Malgré son immensité, la salle du Grand Hyatt Hotel n'était pas assez grande hier pour accueillir tous ceux qui voulaient assister à la conférence de presse de l'équipe de Chéri. Ce film britannique, tourné en France, est un événement à plus d'un titre.

D'abord, il s'agit de la nouvelle offrande de Stephen Frears, trois ans après le triomphe de The Queen. Ensuite, Chéri, présenté ici en compétition, marque les retrouvailles du cinéaste avec l'auteur scénariste Christopher Hampton, 20 ans après leur mémorable collaboration sur Dangerous Liaisons. Surtout, cette nouvelle adaptation du célèbre roman de Colette met en vedette Michelle Pfeiffer, l'inoubliable Madame de Tourvel d'il y a deux décennies déjà.

Du bien beau monde pour un film de très belle tenue, dont le principal attrait réside dans les dialogues, d'une exquise ironie. D'autant plus que Kathy Bates, qui joue le rôle d'une aristocrate agitée, livre ici une performance étonnante. Le récit étant axé sur une liaison amoureuse sans issue entre une courtisane frisant la cinquantaine (Michelle Pfeiffer), et un jeune homme de 19 ans dans le Paris de la Belle Époque, il fut évidemment beaucoup question d'âge au cours de cet échange avec les journalistes.

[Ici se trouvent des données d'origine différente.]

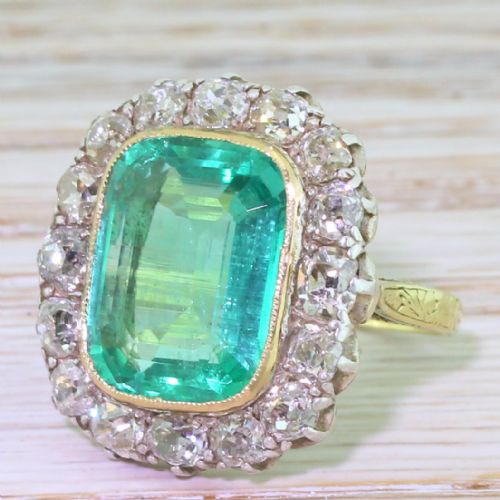 Edwardian 6.00 Carat Minor Oil Colombian Emerald & Old Cut Diamond Ring, Circa 1910
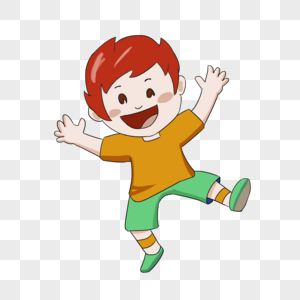手绘卡通儿童节开心的红发男孩图片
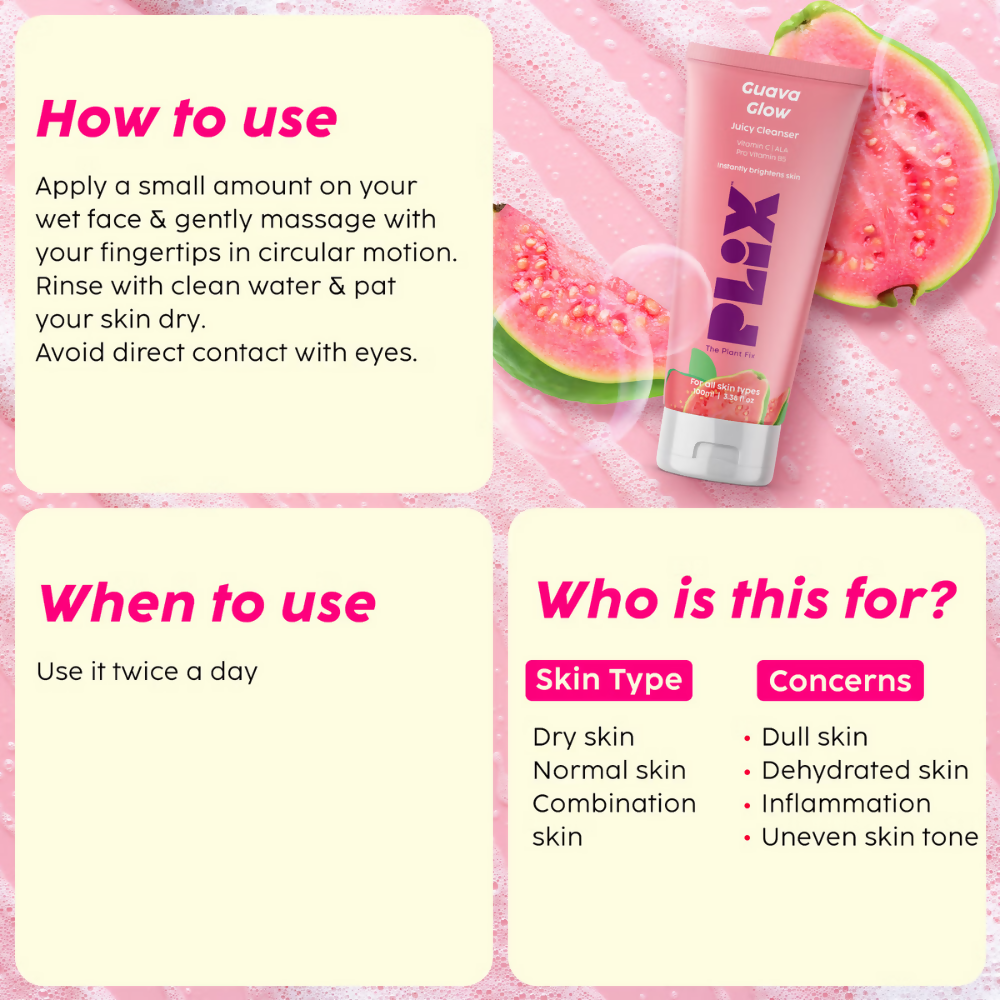 PLIX The Plant Fix 0.6% Retinol Dewy Serum, Anti Ageing Night Cream & Vitamin C Face Wash Cleanser | Grocsy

Particulièrement au regard des actrices qui travaillent à Hollywood.

«Ce n'est pas aussi dramatique qu'on le croit, a commenté Michelle Pfeiffer. Quand on s'apprête à franchir une étape, ce fut la cinquantaine dans mon cas, on appréhende évidemment le passage. Or, ça ne se passe pas si mal en réalité. Sur le plan professionnel, il est vrai qu'il y a moins de rôles intéressants pour les actrices plus mûres, mais je crois que c'est le cas pour toutes les générations, surtout quand, comme moi, on est plus attiré vers les rôles de composition. C'est pourtant en vieillissant qu'on peut composer des personnages plus intéressants. Et puis, il y a aussi le fait que, rendu à un certain âge, on ne veut pas nécessairement travailler tout le temps!»

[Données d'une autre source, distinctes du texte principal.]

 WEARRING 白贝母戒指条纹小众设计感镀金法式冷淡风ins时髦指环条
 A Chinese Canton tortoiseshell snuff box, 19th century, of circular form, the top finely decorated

L'actrice était en tout cas heureuse de retrouver les artisans de Dangerous Liaisons, un film marquant dans sa carrière. Elle ne cache pas avoir quand même trouvé l'exercice difficile.

«Les dialogues de Christopher sont brillants, mais leur densité fait en sorte qu'il faut travailler dur pour les livrer de façon naturelle, a-t-elle expliqué. Kathy et moi étant les seules Américaines sur le plateau, peut-être avions-nous plus de difficulté que les autres à cet égard!»

Fidèle à Colette

De son côté, le scénariste Christopher Hampton, qui affirme être un grand admirateur de Colette, a tenté de préserver l'esprit du roman. «Il m'importait d'être fidèle à son oeuvre, d'autant plus qu'elle avait déjà tiré une pièce de son roman, de même que le scénario d'un film dans les années 50.»

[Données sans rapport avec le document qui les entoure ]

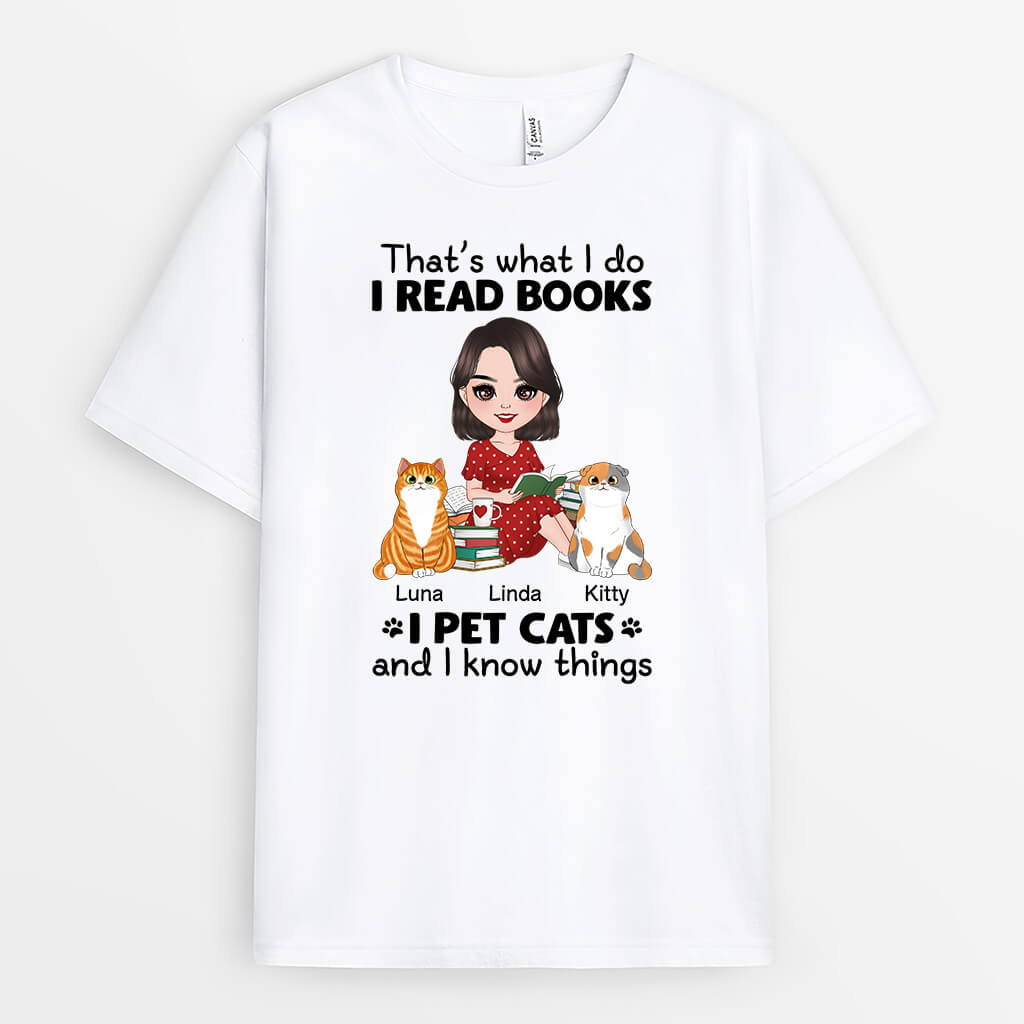 Personalized I Read Books I Pet Cat T-shirt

C'est à la faveur d'un déjeuner entre amis que Hampton a soumis le scénario de Chéri à Stephen Frears, à un moment où le projet n'allait nulle part. «Je n'avais même pas pensé à le lui soumettre, car je connais très bien Stephen, ajoute le dramaturge. J'étais certain que ce script ne l'intéresserait pas du tout!»

Stephen Frears, qui n'a pas cessé de lancer d'irrésistibles boutades pendant cette conférence de presse, fut, au contraire, séduit au point de vouloir signer la réalisation de ce film. Le cinéaste estime cependant que le dosage était difficile à trouver. «Il y a ce milieu aristocratique du début du XXe siècle, qui n'existe plus. Il fallait ainsi faire honneur au caractère ironique de l'histoire, sans en négliger l'aspect dramatique.»

Quand un journaliste évoque des similitudes entre Dangerous Liaisons et Chéri, Frears se rebiffe: «Ça ne peut pas du tout être semblable, John Malkovich n'est même pas là!»